I just finished shucking corn on the back porch. The ribs for dinner are on the grill. The smell penetrates the neighborhood. It smells like home. Like my Dad’s cooking.
I can hear thunder rolling in the distance as a small storm moves this way. There is hope it will cool off this hot sticky day.
Fat drops of rain pinging on the roof and off the gutters. Easy rolling thunder.
Summer on the small back porch.
A child, once terrified of the smallest of storms, sits. Watching. Waiting. Quietly.
It could be any day, but it’s the Fourth of July.
A small town, middle-America, Forth of July.
Earlier in the day there was a neighborhood bike parade.
Hot.
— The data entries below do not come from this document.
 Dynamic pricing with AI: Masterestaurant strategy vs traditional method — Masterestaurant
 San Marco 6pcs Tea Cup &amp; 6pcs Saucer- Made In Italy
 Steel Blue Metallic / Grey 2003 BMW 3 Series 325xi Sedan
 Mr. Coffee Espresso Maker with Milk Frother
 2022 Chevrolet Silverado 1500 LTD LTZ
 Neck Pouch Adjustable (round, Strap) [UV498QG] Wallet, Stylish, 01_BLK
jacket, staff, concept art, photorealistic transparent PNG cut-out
Sweaty. Dirty. Happy children filled with laughter. They are hungry, but they keep on playing outside in the July heat. Four year olds and thirteen year olds, playing.
It reminds me of my childhood. Celebrations in America without politics. Divisions. Anger. Hurt.
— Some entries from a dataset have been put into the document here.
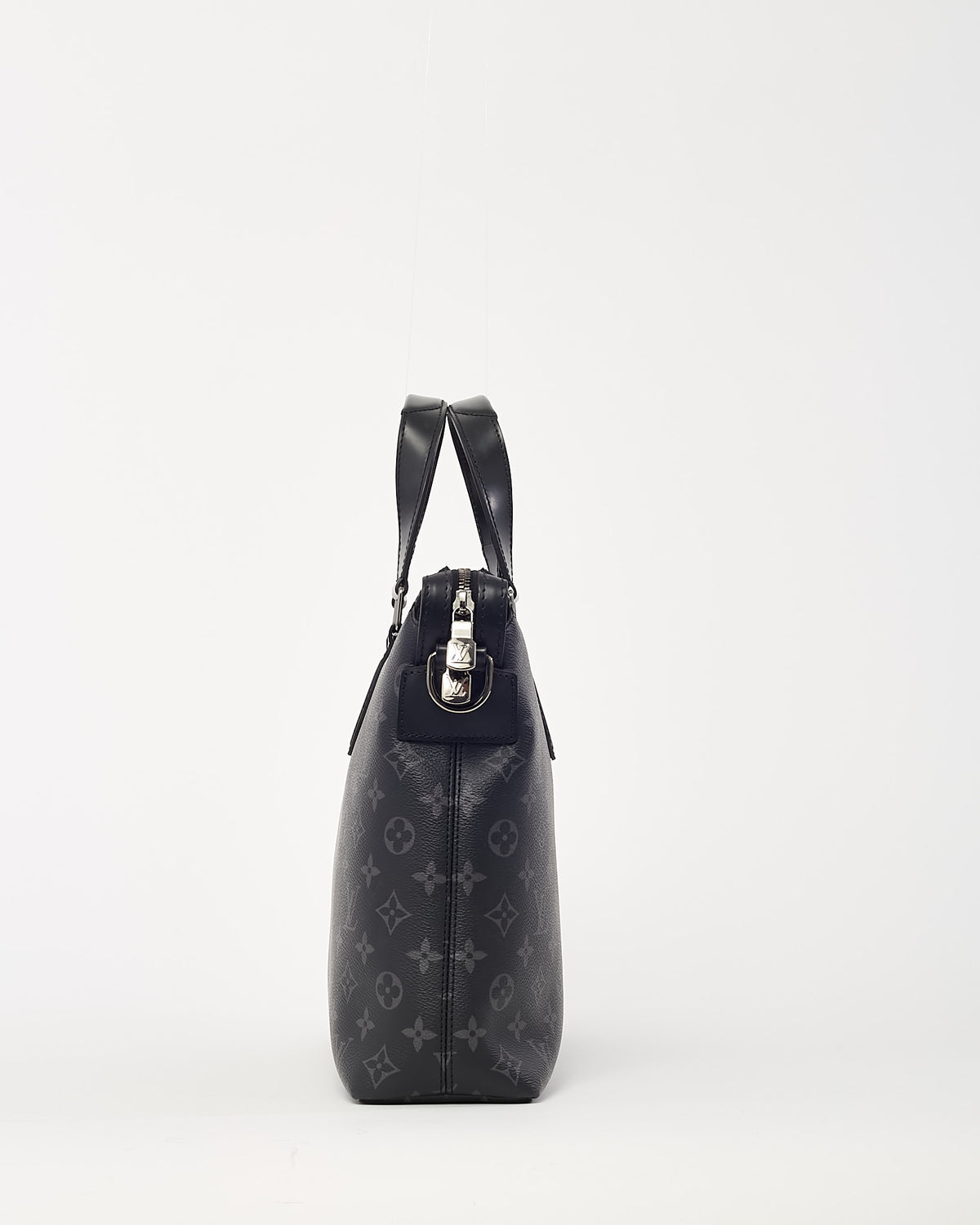 Louis Vuitton Black Monogram Eclipse Coated Canvas Explorer Briefcase Bag with Strap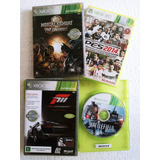 Kit De 4 Jogos Original Xbox 360 (4cds Original+kitnet)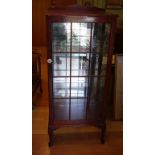 McCain Furniture mirror back china cabinet 60cm wide, 140cm high approx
Sure it was there. Behind the scenes. But it didn’t dominate. Take over. Ruin. Sadden.
We took our kids to the retirement home to lead a patriotic sing-along with the residents. Songs of my childhood. Songs I know by heart, but now need to teach to my children. I have forgotten to teach them these songs. There are more songs I need to teach them.
Six to ninety-something years old. All singing.
Back at home after the evening meal of ribs, freshly shucked local corn, baked beans, lemonade and a cheese cream pie to come, we head outside to light fireworks that don’t leave the ground. Only smoke in different colors.
The same girl terrified of storms, holds a small sparkler for the first time in years. Fears turn softer, slowly turing into joy.
“Can I have another?”
“I’ll hold two this time.”
Fear slowly turns to … freedom.
Freedom to be a child.
To play all day outside.
To not be scared.
To be adventurous.
Freedom to be a child on the fourth, and every other day.